Furthermore, in a stratified analysis, we found that interpersonal support was negatively associated with retention in HIV care among women who were not earning income, but this relationship was not significant for income-earning nursing mothers living with HIV. As revealed in the results, the lack of positive effect of social support on retention in HIV care is more severe among the non-income earning nursing mothers living with HIV than their counterparts who earned some monthly income.

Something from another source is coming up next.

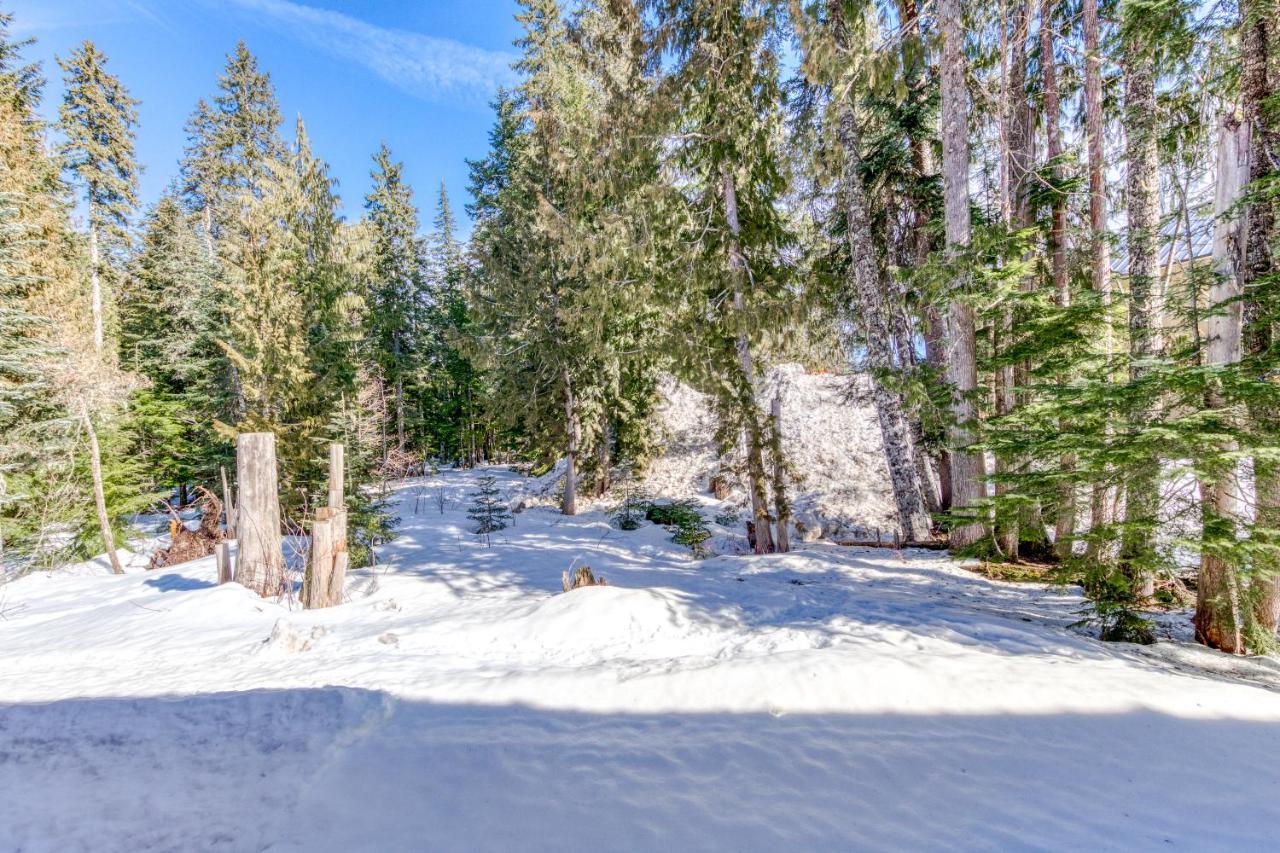 The Chefs Chalet At Collins Lake Apartment Government Camp Exterior photo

For the income-earning HIV+ nursing mothers, given the non-significant influence of interpersonal support on retention in HIV care, their income might be their greatest asset in maintaining them in care since they can afford to pay for the transportation cost associated with visits to the health facilities for the antiretroviral treatment [9, 10, 25, 26].

Conclusion

To conclude, our study unexpectedly suggests that interpersonal support is negatively associated with retention in HIV care among nursing mothers living with HIV. The findings also suggest the need for attending nurses and midwives to conduct a general assessment of women during the antenatal period to understand their available support to appropriately plan for their care after discharge home from the hospital following childbirth. Future studies should use longitudinal and mixed methods to investigate the impact of retention in HIV care and loss to follow up on the health of the women and their babies.

Limitations

Our study had a few limitations. First, the sample size was small to draw very valid conclusions and hence we recommend that future studies use a large sample size. Secondly, it was not possible in this setting to obtain a probability-based sample; thus, the results cannot be generalized for the nursing mothers living with HIV in western Uganda. Thirdly, as a cross-sectional study, the associations observed in this study do not infer a causal relationship between the independent and outcome variables. Finally, it is important to note that the data presented in this study were self-reported; therefore, the ratings are prone to recall and social desirability bias.